If ${x^2} - 1$ is factor of $a{x^4} + b{x^3} + c{x^2} + dx + e$ , then show that $a + c + e = b + d = 0$

Answer 1

Hint:
As the factor of the equation is given, we can find the roots of the equations by equating the factor to zero. Then we can apply the roots to the polynomial to obtain 2 equations. Then we can add the equations and subtract the equations separately to obtain the required relation.

Complete step by step solution:
Let $f\left( x \right) = a{x^4} + b{x^3} + c{x^2} + dx + e$
It is given that ${x^2} - 1$ is a factor of this polynomial.
We know that the roots of the factor will also be the roots of the equation. So, we can find the roots of the factor. For that we equate it to zero.
 $ \Rightarrow {x^2} - 1 = 0$
 $ \Rightarrow {x^2} = 1$
On taking the square root, we get,
 $ \Rightarrow x = \pm 1$
Thus 1 and -1 are the roots of the factor.
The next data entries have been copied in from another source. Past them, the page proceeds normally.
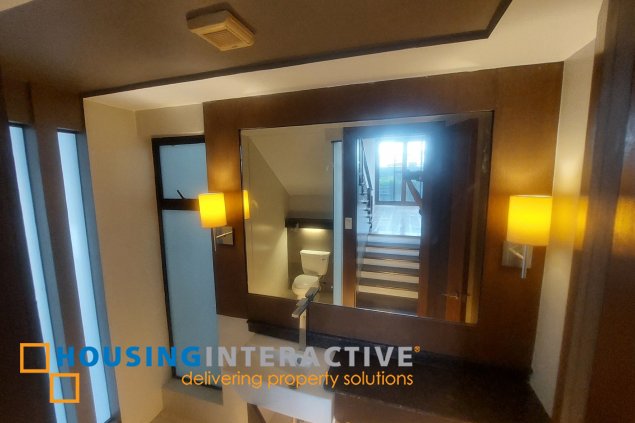 for sale or rent 6br house at metropoli libis qc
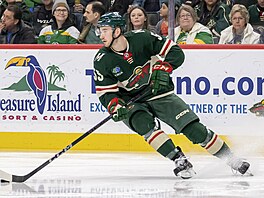 �eský obránce David Ji�í�ek nastoupil poprvé v dresu Minnesoty.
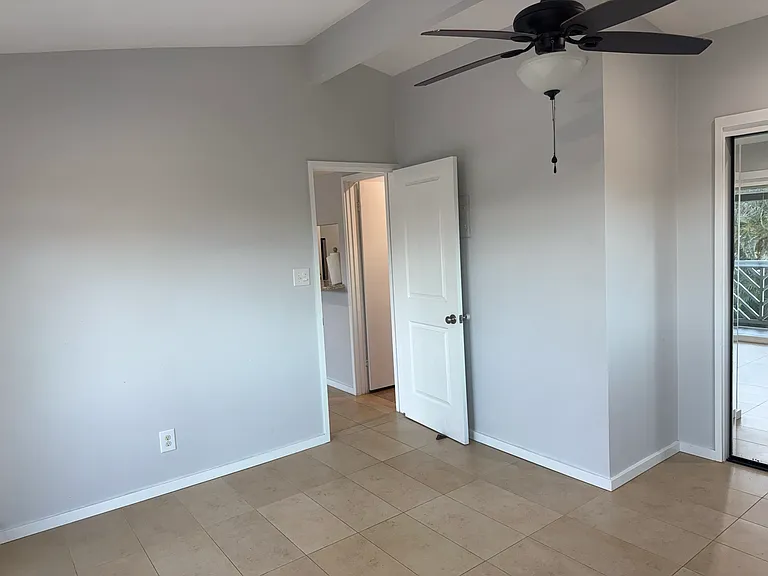 865 Akumu St — Photo 8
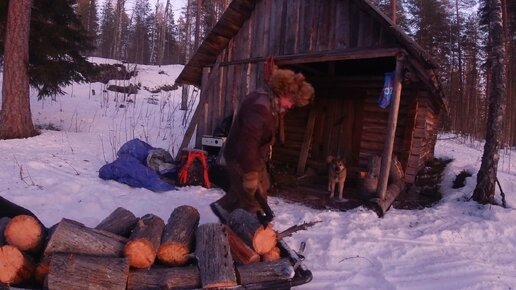 РАСПОЛОЖИЛИСЬ В ТАЁЖНОЙ ИЗБЕ. ОТПРАВИЛИСЬ НА РЫБАЛКУ НА ДИКОЕ ОЗЕРО. ТАЁЖНАЯ РЫБАЛКА. В ЭТИХ МЕСТАХ ДАВНО НИКОГО НЕ БЫЛО.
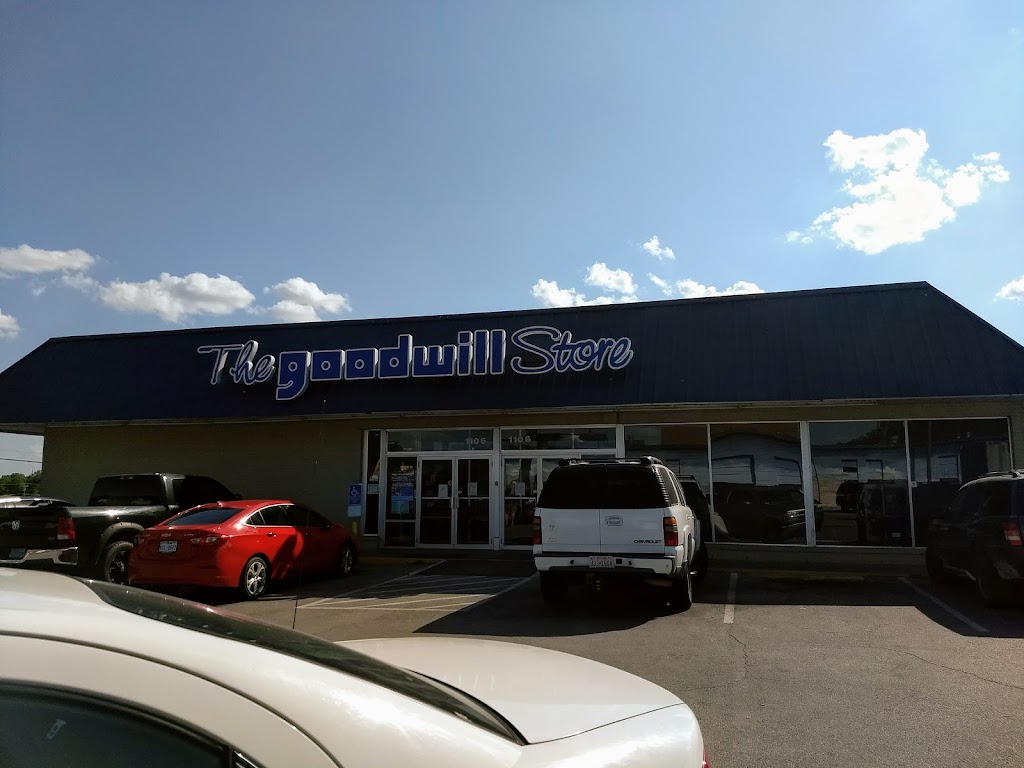 Goodwill Store - Cleburne | 1106 W Henderson St, Cleburne, TX 76033, USA | Phone: (817) 558-8520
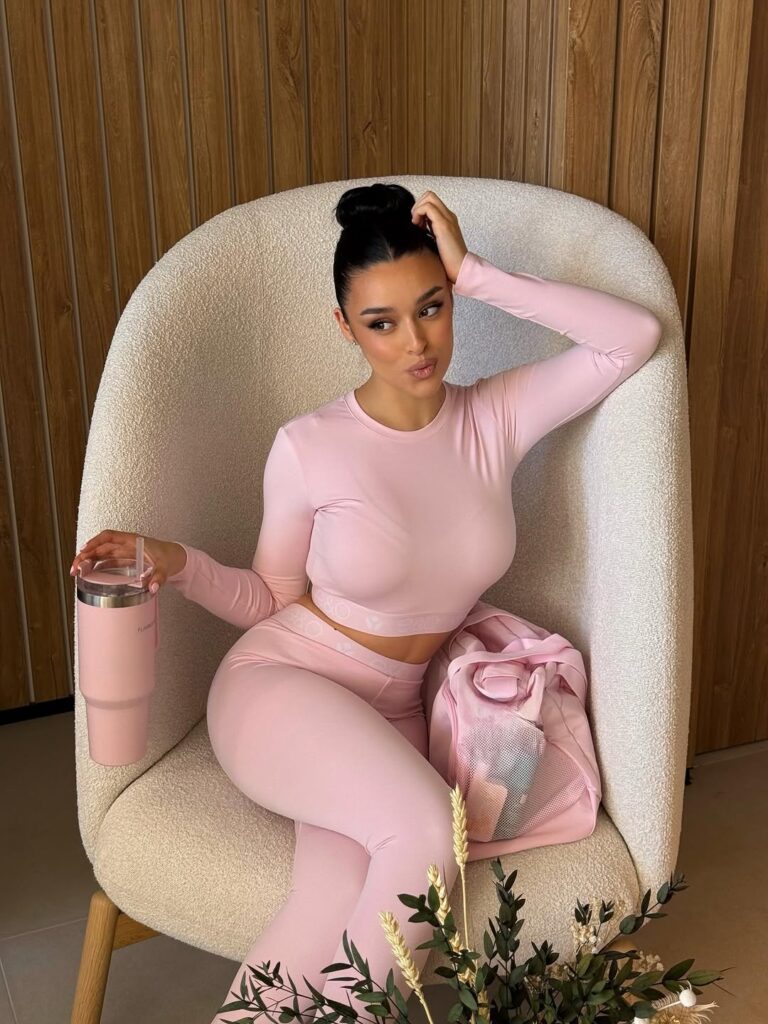 1775481646096-768x1024 Marta Diaz desnuda su linea de tanga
So, they will be the roots of the equations.
When $x = 1$ , we get,
 $ \Rightarrow f\left( 1 \right) = 0$
 $ \Rightarrow a \times {1^4} + b \times {1^3} + c \times {1^2} + d \times 1 + e = 0$
 $ \Rightarrow a + b + c + d + e = 0$ ….. (1)
When $x = - 1$ , we get,
 $ \Rightarrow f\left( { - 1} \right) = 0$
 $ \Rightarrow a \times {\left( { - 1} \right)^4} + b \times {\left( { - 1} \right)^3} + c \times {\left( { - 1} \right)^2} + d \times \left( { - 1} \right) + e = 0$
 $ \Rightarrow a - b + c - d + e = 0$ ….. (2)
Now we can add equations (1) and (2),
 $
   \Rightarrow a + b + c + d + e = 0 \\
  \underline {\left( + \right)a - b + c - d + e = 0} \\
  2a + 0 + 2c + 0 + 2e = 0 \\
 $
On dividing throughout with 2, we get,
 $ \Rightarrow a + c + e = 0$ … (3)
Now we can subtract equation (2) from equation (1),
 $
   \Rightarrow a + b + c + d + e = 0 \\
  \underline {\left( - \right)a - b + c - d + e = 0} \\
  0 + 2b + 0 + 2d + 0 = 0 \\
 $
On dividing throughout with 2, we get,
 $ \Rightarrow b + d = 0$ … (4).
 On comparing equations (3) and (4), we get,
 $ \Rightarrow a + c + e = b + d = 0$
Thus, we have proved the required result.

Note:
We know that roots of the polynomial are the values of the variable at which the value of the expression will become zero. If one of the factors is equal to zero, then the whole expression will become zero. So, we used the roots of the factor and took it as the root of the expression. While taking the square root of 1, we must take both the negative and positive roots. Then we must substitute both the values in the polynomial and equate it to zero.